Soprattutto, credo che questo tempo di crisi, dentro ad una scorza respingente, nasconda opportunità preziose. Ad esempio, quella di riconoscere che la fecondità attraversa la comunità ecclesiale, noi che le apparteniamo e chi in essa esercita carismi e ministeri, ma non appartiene né alla comunità, né a nessuno di questi. Essa non è roba nostra adesso, non lo era prima, non lo sarà mai. Solo lo Spirito è sorgente, prima e primordiale, di vita evangelica rinnovata.

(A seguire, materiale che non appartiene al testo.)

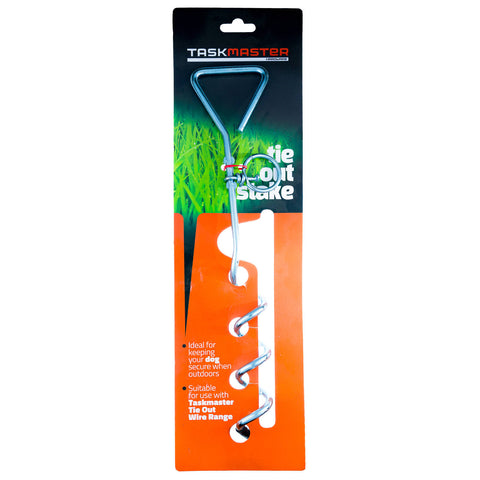 Taskmaster 8mm Thick Tie Out Stake, Steel, Twist-In Pet Ground Anchor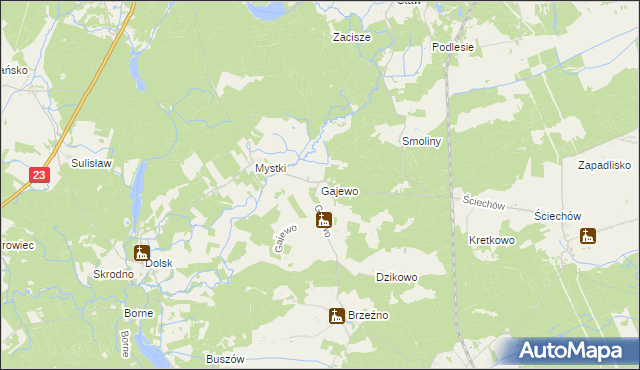 mapa Gajewo gmina Lubiszyn, Gajewo gmina Lubiszyn na mapie Targeo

In termini più biblici: abbiamo finalmente l’occasione di rivederci, non solo in Sara che genera Isacco, ma anche in Sara che “ride e pensa”, perché fatica a credere all’annuncio dell’angelo ad Abramo, “fra un anno, tua moglie, avrà un figlio”. In Agar che nel deserto sente la morte che minaccia lei e il figlioletto Ismaele.
Antica e nuova Chiesa
E allora, mi pare evidente: è lo Spirito che con straordinaria pazienza ci sta guidando ad un incontro rinnovato con Cristo. Un incontro che spinge ad uscire da sé stessi, non tristemente funzionale alla cancellazione della scomoda alterità dell’altro; che non ci salva dall’ineluttabile e terribile babau di un confronto dialogico che, aiutandoci a comprendere meglio ciò che è essenziale nel tesoro della nostra identità e tradizione, potrebbe chiederci di mettere in secondo piano ciò che essenziale non è.
Con forza i segni dei tempi ci invitano a metterci in cammino verso una chiesa che, sapendo di aver bisogno di imparare, sappia anche ascoltare e non solo e sempre rivendicare il proprio ruolo di maestra e la bontà del proprio insegnamento. Una chiesa povera, una chiesa dei poveri. Una chiesa che, avendo permesso alle lacrime di lavarle gli occhi, veda le cose del mondo (cfr. papa Francesco, Christus vivit). Una chiesa che conosca e pianga sulla propria fragilità e non condanni nessuno, essendo compagna di ognuno, come lei pieno di fragilità. Una chiesa che non tema di alzare la voce a nome dei poveri. Una chiesa come poco lievito che fa crescere tutta la pasta, come poco sale che dà sapore. Una chiesa che non tema di essere criticata perché crede e segue Gesù povero e crocifisso e da lui, dal suo Spirito e dalla sua parola, con fiducia, si lascia guidare.
Eccola, contempliamola questa chiesa santa che riceve la vita dal Padre, e sa di non far figli attraverso la sagacia dei suoi piani pastorali, ma perché il Signore, nella sua bontà, continua a donargliene gratuitamente. Contempliamola e lasciamoci attirare da quella bellezza che non è sua.
Una chiesa così, che da sempre ha iniziato ad essere così. In lei io ri-inizio a camminare per essere così. Oggi, per tutti noi, fratelli, è il giorno di un antico e nuovo inizio.